===== Given information
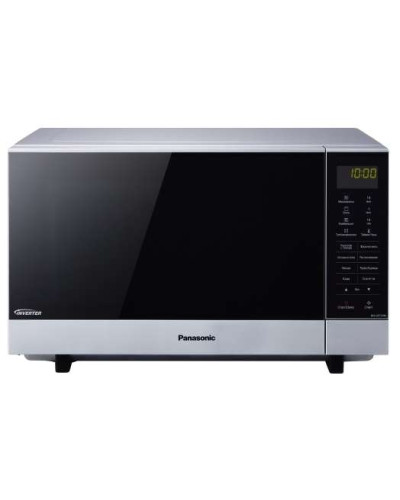 Инверторная микроволновая печь с грилем Panasonic NN-GF574MZPE OPENBOX
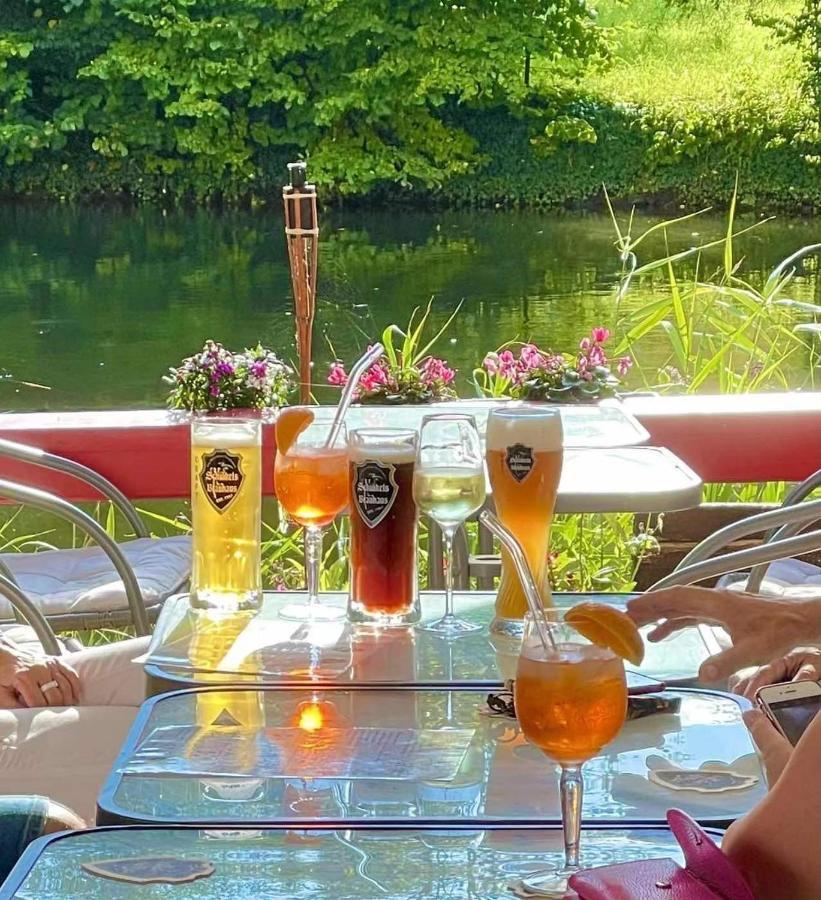 Gaestehaus Ambiente Am Kurpark Bad Sooden-Allendorf Extérieur photo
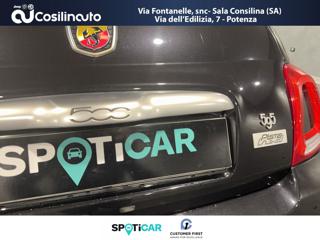 ABARTH 595 usata, con USB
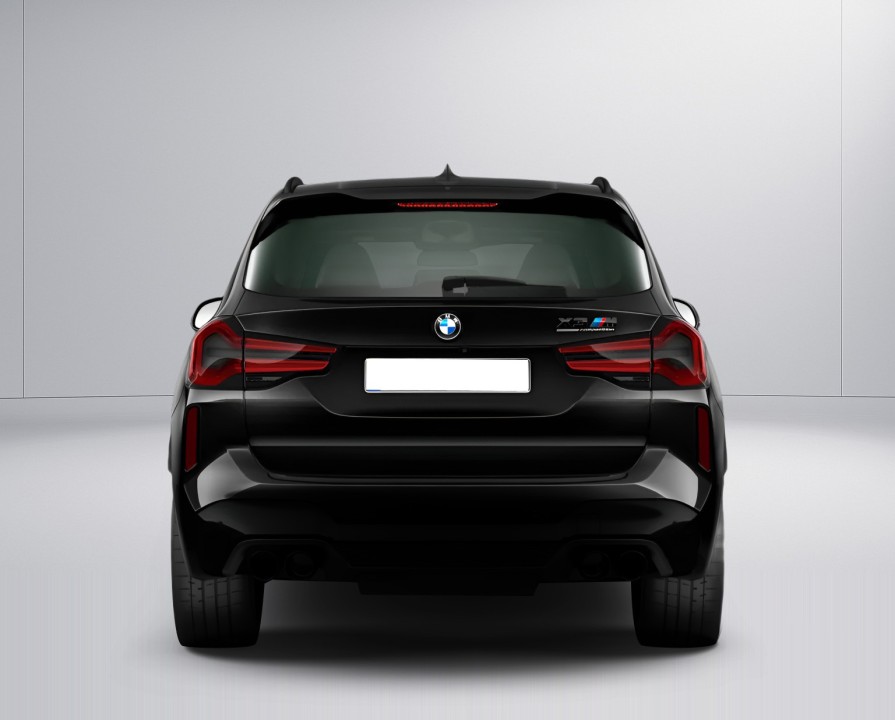 BMW X3 M Competition (2)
==========
_Action item_
Repeat each line of the material exactly, and drop any image it carries.

_The answer_
 Инверторная микроволновая печь с грилем Panasonic NN-GF574MZPE OPENBOX
 Gaestehaus Ambiente Am Kurpark Bad Sooden-Allendorf Extérieur photo
 ABARTH 595 usata, con USB
 BMW X3 M Competition (2)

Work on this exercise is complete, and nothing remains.